Given that my primary source of pageviews is no longer a Russian indexing bot, I thought I should dot some i's and cross some t's.
I realized I hadn't been completely rigorous in the fitting (and reporting of the fit parameters) in some of the previous posts. Specifically, the prescription that

$$
\kappa = \frac{\log MB(t)/C_0}{\log NGDP(t)/C_0}
$$
left out a normalization factor/units of measurement (effectively taken to be $C_0 = 1 \text{ G}\$$ in the previous results). There is an overall normalization to the CPI (and GDP deflator) that I mentioned before, as well as the reference constants $Q^s_{ref}$ (the reference constant $Q^d_{ref}$ can be subsumed into the CPI normalization). That means that there are effectively three degrees of freedom in the model.

$$
P = \frac{1}{\kappa} \left( \frac{Q^d_{ref}}{Q^s_{ref}} \right) \left( \frac{Q^s}{Q^s_{ref}} \right)^{1/\kappa - 1}
$$
The fit parameters with this form of the model are (using the FRED data sets for CPI less food, energy normalized to 1 instead of 100, the St. Louis Adjusted Monetary Base and the nominal GDP): $C_0 = 1.17 \text{ G}\$$, $Q^d_{ref} / Q^s_{ref} = 1.38$, and $Q^s_{ref} = 732.3 \text{ G}\$$. I show the graphs from the previous results using these parameters at the bottom of the post.

A couple of points about the naturalness of the fit:

- There is an overall unit reparameterization invariance. I can change the units from Dollars to Euros and I would get the same results as long as I changed the dimensionful constants from Dollars to Euros.
- Why is $C_0 = 1.17 \text{ G}\$$? Well, one way to justify it is to invoke an anthropic principle: the reason these constants are what they are is because we are near the time when the quantity theory of money was discovered and so $\kappa$ must be approximately $1/2$.

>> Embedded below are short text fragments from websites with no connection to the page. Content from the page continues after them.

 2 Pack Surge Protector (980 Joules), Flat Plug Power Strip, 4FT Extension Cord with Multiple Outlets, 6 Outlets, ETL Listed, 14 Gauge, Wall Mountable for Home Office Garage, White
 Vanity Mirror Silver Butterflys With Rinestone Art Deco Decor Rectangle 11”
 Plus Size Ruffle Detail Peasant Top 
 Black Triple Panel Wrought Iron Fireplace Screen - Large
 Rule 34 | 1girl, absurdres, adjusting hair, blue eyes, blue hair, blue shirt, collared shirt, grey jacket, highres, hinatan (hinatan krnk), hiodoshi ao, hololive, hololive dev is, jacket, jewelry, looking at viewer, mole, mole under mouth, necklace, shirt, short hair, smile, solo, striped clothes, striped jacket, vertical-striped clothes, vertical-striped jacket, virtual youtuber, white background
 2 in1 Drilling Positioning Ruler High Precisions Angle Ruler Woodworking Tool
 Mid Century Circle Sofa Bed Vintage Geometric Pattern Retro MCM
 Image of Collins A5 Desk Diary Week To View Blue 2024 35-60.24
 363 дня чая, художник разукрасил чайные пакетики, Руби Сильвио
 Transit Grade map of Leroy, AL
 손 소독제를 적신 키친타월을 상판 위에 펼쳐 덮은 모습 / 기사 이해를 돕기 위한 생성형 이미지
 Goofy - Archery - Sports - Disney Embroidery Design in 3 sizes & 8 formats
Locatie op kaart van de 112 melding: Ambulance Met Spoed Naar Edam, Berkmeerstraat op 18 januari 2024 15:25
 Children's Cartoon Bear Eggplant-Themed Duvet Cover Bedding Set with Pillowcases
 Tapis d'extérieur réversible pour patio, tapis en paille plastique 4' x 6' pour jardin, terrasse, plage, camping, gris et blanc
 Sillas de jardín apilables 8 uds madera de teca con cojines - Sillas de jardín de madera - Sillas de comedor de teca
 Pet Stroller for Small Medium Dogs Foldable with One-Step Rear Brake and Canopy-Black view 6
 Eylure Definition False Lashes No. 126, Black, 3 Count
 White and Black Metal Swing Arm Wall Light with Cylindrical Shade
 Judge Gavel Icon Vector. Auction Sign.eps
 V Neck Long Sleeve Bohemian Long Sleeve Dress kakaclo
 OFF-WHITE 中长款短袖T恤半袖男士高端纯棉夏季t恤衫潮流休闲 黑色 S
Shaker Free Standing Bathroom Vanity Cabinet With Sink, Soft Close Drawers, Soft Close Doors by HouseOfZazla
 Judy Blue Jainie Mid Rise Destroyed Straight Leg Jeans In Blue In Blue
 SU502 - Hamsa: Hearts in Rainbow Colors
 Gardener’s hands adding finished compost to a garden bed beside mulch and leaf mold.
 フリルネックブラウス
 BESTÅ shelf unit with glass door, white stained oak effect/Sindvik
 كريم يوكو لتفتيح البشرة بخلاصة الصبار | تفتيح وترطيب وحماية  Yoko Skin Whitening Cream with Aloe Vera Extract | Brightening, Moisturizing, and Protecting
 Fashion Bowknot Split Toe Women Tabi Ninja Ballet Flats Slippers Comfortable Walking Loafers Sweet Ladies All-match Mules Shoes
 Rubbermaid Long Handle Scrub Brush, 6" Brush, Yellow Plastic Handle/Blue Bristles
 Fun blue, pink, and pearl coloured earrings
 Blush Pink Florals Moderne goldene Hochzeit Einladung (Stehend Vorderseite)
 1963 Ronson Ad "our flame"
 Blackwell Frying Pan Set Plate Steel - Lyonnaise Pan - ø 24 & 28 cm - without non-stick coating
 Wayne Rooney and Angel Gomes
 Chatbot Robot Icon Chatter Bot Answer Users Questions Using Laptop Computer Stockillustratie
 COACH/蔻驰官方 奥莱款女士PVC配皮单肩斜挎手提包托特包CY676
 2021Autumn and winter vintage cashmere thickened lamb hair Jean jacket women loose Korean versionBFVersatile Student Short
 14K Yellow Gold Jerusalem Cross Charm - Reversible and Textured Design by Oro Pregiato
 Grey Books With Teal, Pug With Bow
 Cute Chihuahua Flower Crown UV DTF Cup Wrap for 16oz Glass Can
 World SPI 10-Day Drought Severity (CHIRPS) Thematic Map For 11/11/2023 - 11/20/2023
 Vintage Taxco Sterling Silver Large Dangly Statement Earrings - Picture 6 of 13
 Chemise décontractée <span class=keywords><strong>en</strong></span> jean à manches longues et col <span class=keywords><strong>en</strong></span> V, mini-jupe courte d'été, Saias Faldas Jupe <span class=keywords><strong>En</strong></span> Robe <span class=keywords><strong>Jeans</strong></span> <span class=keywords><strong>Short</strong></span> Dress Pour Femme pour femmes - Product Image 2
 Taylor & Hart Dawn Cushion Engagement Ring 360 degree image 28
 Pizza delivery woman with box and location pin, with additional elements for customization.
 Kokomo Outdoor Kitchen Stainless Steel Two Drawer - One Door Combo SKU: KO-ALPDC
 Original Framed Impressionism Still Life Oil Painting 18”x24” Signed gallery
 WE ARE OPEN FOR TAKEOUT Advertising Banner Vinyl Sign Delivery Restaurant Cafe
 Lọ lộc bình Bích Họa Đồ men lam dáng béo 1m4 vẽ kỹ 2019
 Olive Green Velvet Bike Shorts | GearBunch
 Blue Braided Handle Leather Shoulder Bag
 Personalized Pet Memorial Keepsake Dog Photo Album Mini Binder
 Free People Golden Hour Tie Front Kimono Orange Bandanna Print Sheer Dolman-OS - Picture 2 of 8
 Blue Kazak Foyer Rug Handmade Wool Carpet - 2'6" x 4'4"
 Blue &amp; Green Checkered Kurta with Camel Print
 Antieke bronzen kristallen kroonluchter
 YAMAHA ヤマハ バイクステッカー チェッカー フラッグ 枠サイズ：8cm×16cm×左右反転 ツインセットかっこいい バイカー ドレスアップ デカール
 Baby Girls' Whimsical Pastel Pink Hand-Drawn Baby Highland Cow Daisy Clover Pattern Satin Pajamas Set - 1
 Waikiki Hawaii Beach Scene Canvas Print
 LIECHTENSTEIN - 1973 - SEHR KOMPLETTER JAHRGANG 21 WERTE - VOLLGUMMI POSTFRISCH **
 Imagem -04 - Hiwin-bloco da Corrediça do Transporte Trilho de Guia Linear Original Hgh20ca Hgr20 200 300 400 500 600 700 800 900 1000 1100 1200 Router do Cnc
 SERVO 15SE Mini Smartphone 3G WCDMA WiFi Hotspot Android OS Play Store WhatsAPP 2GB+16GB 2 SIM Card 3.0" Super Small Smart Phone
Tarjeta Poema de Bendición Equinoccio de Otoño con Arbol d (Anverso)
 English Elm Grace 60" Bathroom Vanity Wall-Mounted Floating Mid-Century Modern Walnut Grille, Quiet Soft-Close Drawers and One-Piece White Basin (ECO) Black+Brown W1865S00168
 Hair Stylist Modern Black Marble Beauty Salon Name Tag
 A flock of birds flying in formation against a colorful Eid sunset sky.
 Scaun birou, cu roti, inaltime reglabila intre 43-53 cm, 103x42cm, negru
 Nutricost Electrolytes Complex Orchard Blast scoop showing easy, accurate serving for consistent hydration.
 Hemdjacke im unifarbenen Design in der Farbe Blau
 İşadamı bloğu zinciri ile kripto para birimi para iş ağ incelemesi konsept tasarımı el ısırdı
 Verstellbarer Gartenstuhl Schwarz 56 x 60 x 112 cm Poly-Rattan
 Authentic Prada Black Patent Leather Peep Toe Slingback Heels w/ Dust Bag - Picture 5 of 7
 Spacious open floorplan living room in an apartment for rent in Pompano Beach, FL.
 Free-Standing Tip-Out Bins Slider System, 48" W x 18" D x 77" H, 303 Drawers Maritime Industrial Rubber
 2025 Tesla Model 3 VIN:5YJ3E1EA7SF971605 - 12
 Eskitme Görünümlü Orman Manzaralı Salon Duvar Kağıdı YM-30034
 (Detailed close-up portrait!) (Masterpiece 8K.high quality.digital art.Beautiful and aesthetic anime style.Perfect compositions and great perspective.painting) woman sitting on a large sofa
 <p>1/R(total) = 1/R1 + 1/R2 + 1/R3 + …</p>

Additionally, the solution of the differential equation, Equation 19, here left out mentioning the assumption that $\kappa$ was slowly varying, so that $\kappa$ can be taken outside the integral. The solution to the differential equation actually has a closed form with $\kappa$ taken to be the first equation in the post using this integral

$$
\int \frac{dQ^s}{Q^s (c_0 + \log Q^s)} = \log (c_0 + \log Q^s)
$$
I will explore that in a future post.

Here are the graphs, as promised (the blue lines and the white surface are from the model, green is the empirical result using the CPI less food, energy and the red dashed line assumes $\kappa$ is constant from 1960 ... I also show the inflation rate and price level graph in both linear and log scale):

Note that the results look essentially the same as before -- there are no changes to the previous conclusions.

Here are the graphs, as promised (the blue lines and the white surface are from the model, green is the empirical result using the CPI less food, energy and the red dashed line assumes $\kappa$ is constant from 1960 ... I also show the inflation rate and price level graph in both linear and log scale):

Note that the results look essentially the same as before -- there are no changes to the previous conclusions.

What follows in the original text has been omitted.